### [Input]
■ ■ ■ ■ ■
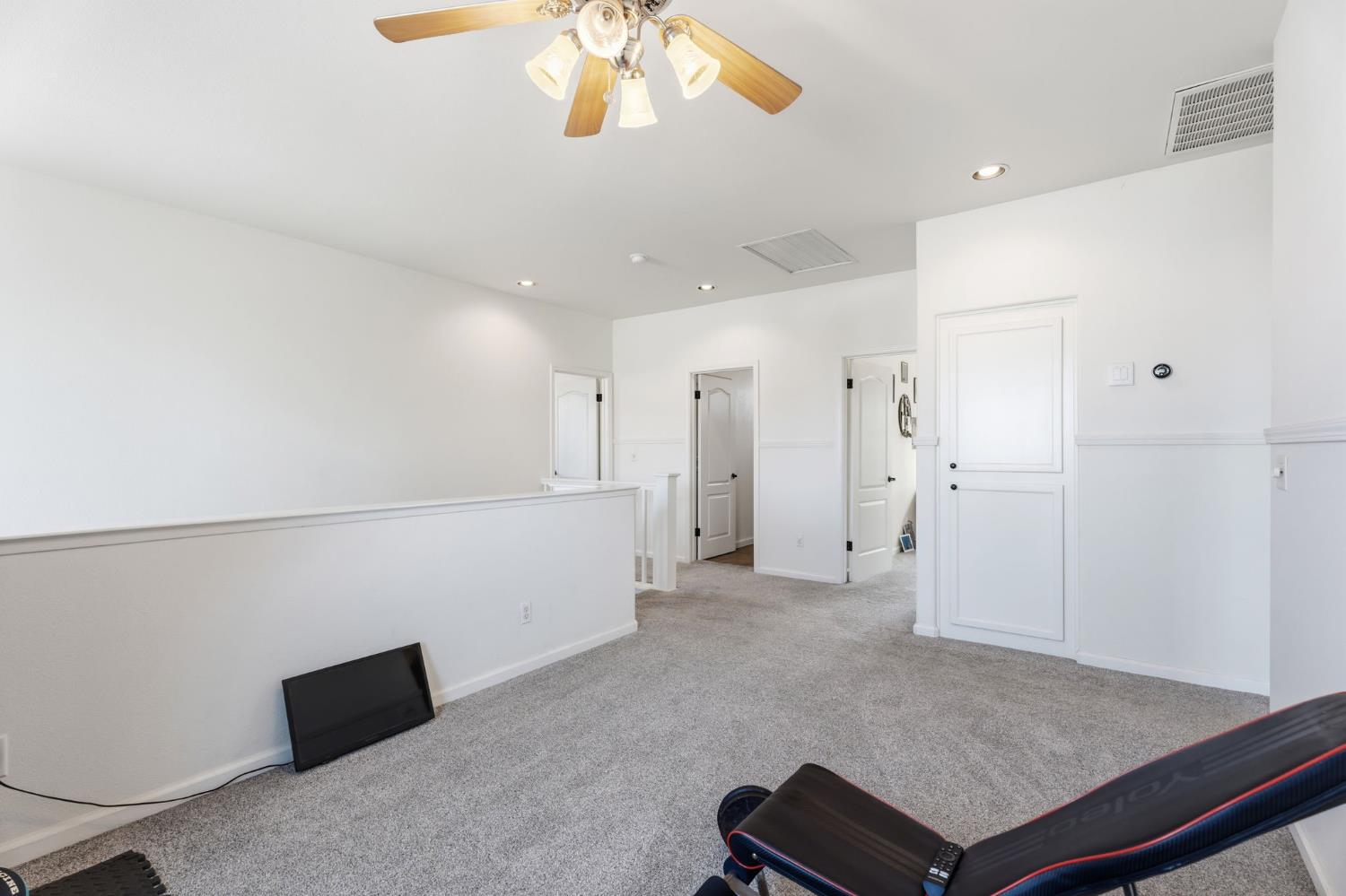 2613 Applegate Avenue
■ ■ ■ ■ ■
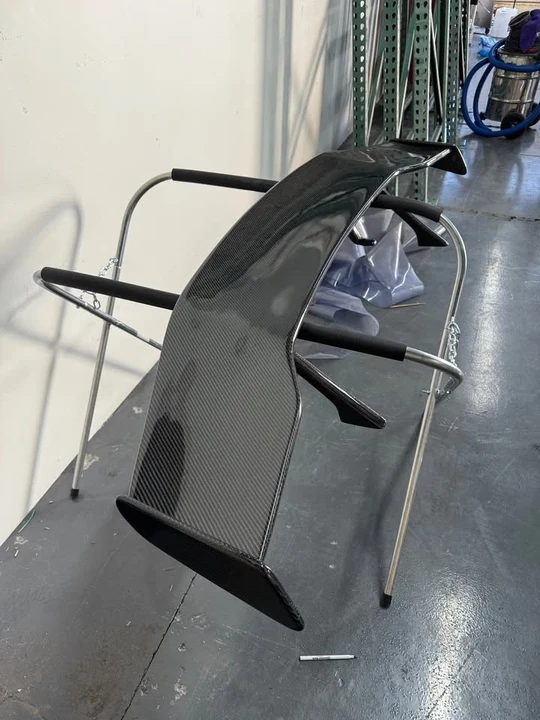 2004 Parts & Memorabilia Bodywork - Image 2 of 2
■ ■ ■ ■ ■
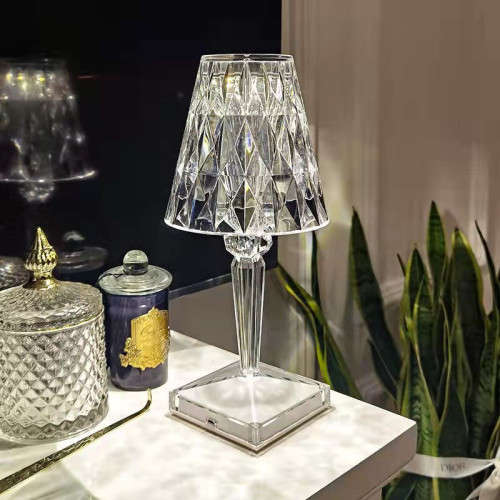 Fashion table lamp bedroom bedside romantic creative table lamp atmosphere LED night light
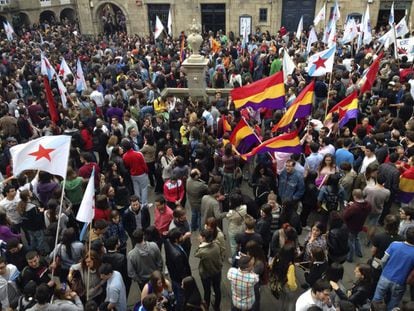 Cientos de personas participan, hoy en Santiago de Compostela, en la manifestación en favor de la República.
■ ■ ■ ■ ■
### [Exercise objective]
Write out, word for word, the stretch of entries that begins at the line with "Fashion table lamp" and ends at the line with "Cientos de personas". Pictures do not belong in it.

### [Written answer]
 Fashion table lamp bedroom bedside romantic creative table lamp atmosphere LED night light
 Cientos de personas participan, hoy en Santiago de Compostela, en la manifestación en favor de la República.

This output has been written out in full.